If the debt has already been paid, I'm pretty sure that he can only sue in civil court for the money that he took out of his 401k to pay off the incurred debt. So if he thinks he can get you into trouble he might be a little too late to do that now. I'm sure that their is a law where bringing charges against fraud has a time limit on it. And the prosecuting attorney would have to be the one that decides to pursue if charges were to ultimately be brought against you for some reason. I mean he (your husband) might be able to file criminal charges, but when it happened and the reason him filing would look bad on him if they did (they would question why he was doing it later instead of at the time you did it). And even if you did, you might be able to do a plea deal and do little to no jail time. Trust me, prosecuting attorneys would much rather do probation or something of that nature, than to bring charges, etc. Anyway, he's using this crap to his advantage and to use as leverage against you to get you to stay with him. You might ask for legal advice on here and see what an attorney says, and then you can go from there. Just to be safe and have peace of mind.
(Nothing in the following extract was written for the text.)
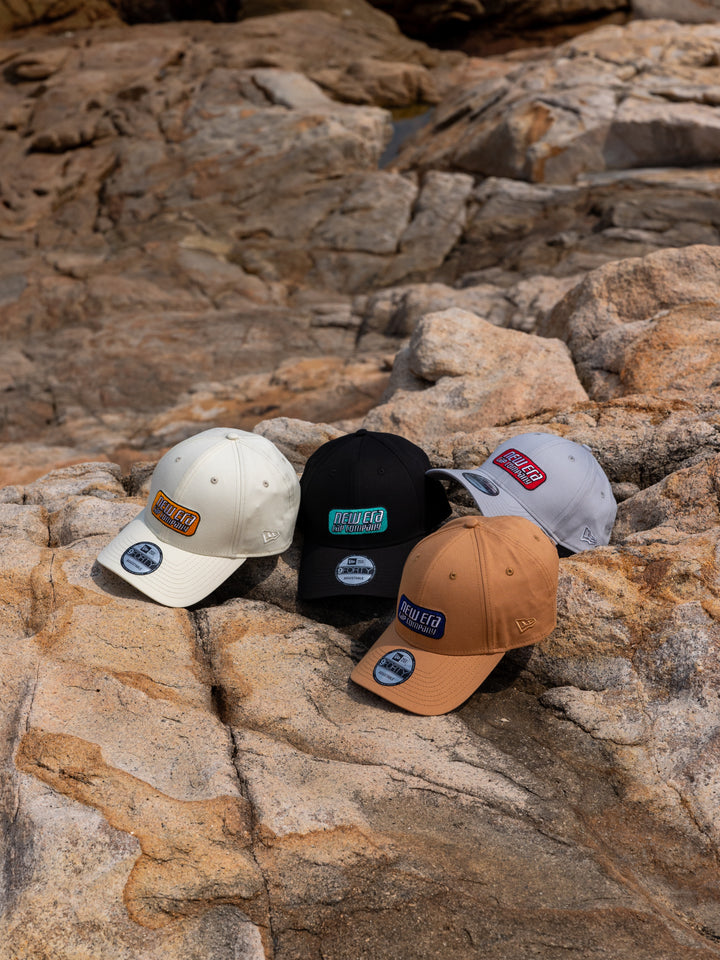 New Era หมวกรุ่น New Era Cap Company 9FORTY Cap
As for him help your other ex get custody of the other children, bull crap, not likely to happen at all. If he did decide to do something that low, he'd look bad in court as well. And it takes something pretty damn bad for you to lose custody of children, especially when there's already a court order in place. Even if you did have pending charges brought against you, unless you had to do jail time, you'd probably be able to keep custody of the children anyway. Courts do not like to take custody away from custodial parents, it causes too much trauma, etc. Not to mention that judges won't change custodial parents unless they feel the children are in harms way, etc. Courts want to do what's in the best interest of the children, not the adults who are fighting over things in court. Trust me, been there and done that. If you were to file for a divorce first you'd probably get what you wanted out of the divorce, you might be able to have put in there that he can't bring charges against you for the fraud in the future. That can possibly be written in the divorce decree to protect you.
And for him threatening you if you file CS against him, that's laughable really. In most divorces where there are children if the mother gets custody the father is REQUIRED to pay CS whether both parties agree to it or not. It's really up to the state that you currently reside in. Each states laws will vary greatly. So let him threaten you. My ex did the same to me and said he'd do this, that, and blah..blah..blah. He was full of crap. Just prepare yourself for a fight and for him to contest the divorce and to make up lie after lie to make you look bad. Make sure you document everything. And since he's controlling and threatens you make sure you put that in the divorce papers. This will go in your favor. Courts see all kinds of ugly things when a couple goes through a divorce. Mine was a very nasty one. You can and will get through it. Also make sure you demand that he's to be taken off of your work insurance, or you might be required to continue to carry him on your policy. I've seen all kinds of stuff that might seem trivial at the time, and person doesn't think about it and gets stuck with a debt or whatever. I don't want to see that happen. Protect yourself at all costs and the best that you can. I also wanted to mention if you did the surrogate thing he is NOT entitled to any of that money you would profit from, especially since you're currently separated. Make sure you make note of the date that you officially separated, this will be brought up in court and the divorce papers. I hope this helps answer more of your questions.